Mineralogy of the P2-West ‘Kimberlite’, Wajrakarur kimberlite field, Andhra Pradesh, India: kimberlite or lamproite?

2013 
A detailed mineralogical examination of representative material from the P2-West ‘kimberlite’ located in the Wajrakarur Kimberlite Field (India) demonstrates that significant differences exist between these rocks and archetypal hypabyssal kimberlite. The intrusion consists of an olivine-phyric facies which has been transected by, and includes clasts of, a consanguineous phlogopite-rich pegmatitic facies. The olivine-rich parts of P2-West are relatively fresh and consist of euhedral-to-subhedral microphenocrystal olivine set in a groundmass of fine-grained anhedral monticellite, amoeboid apatite, and subhedral-to-euhedral perovskite within a partially chloritized-to-fresh phlogopite-rich mesostasis. The rock lacks the abundant olivine macrocrysts characteristic of kimberlite. Monticellite crystals are commonly partially or completely replaced by pectolite and hydrogarnet. Similar material occurs as irregular aggregates randomly scattered throughout the groundmass.
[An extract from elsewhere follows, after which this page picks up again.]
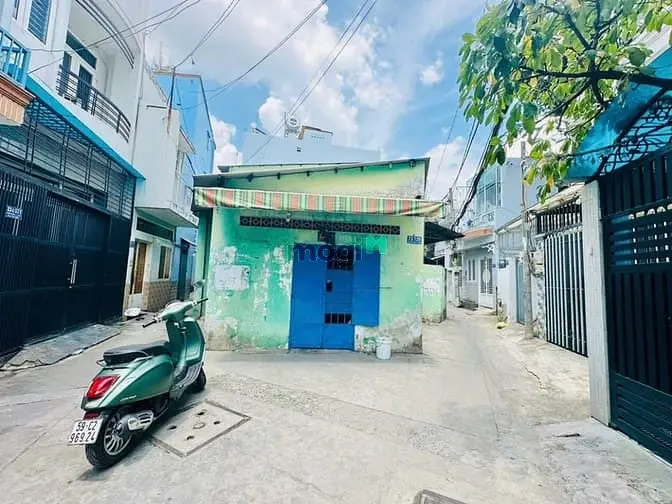 Bán Nhà Rẻ Đẹp 334/59 Nguyễn Văn Nghi .P7 .Gò Vấp (Chợ Gò Vấp - Ngã 5)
The groundmass, in contrast to that of hypabyssal kimberlites, is relatively poor in spinels. Atoll spinels are absent, with the majority of spinels occurring principally as mantles upon microphenocrystal olivine. Disaggregated cumulate-like assemblages of intergrown anhedral perovskite and spinel are common. Spinel compositions are unlike those of kimberlites and their evolutionary trend is similar to that of lamproite and lamprophyre spinels. The pegmatitic facies of the intrusion are highly and pervasively altered, and characterized by the presence of large clasts, veins, and irregular aggregates consisting of large (1–5 mm) crystals of pinkish-bronze Al-poor phlogopite intergrown with and/or including: apatite; pectolite-hydrogarnet pseudomorphs after an unidentified euhedral phase; chlorite laths; barytolamprophyllite; perovskite; tausonite; diverse Sr-Ba-carbonates; and baryte. The presence of barytolamprophyllite and tausonite are typical of potassic undersaturated alkaline rocks and have never been reported from kimberlite; however, neither feldspar nor feldspathoids are present in P2-West. Micas in fresh and altered rocks are Al 2 O 3 - and BaO-poor, and exhibit compositional evolutionary trends towards tetraferriphlogopite rather than kinoshitalite. On the basis of these mineralogical data it is suggested that P2-West represents an unusual lamproite-like intrusion which has undergone extensive hydrothermal deuteric alteration and should not be considered a bona fide kimberlite.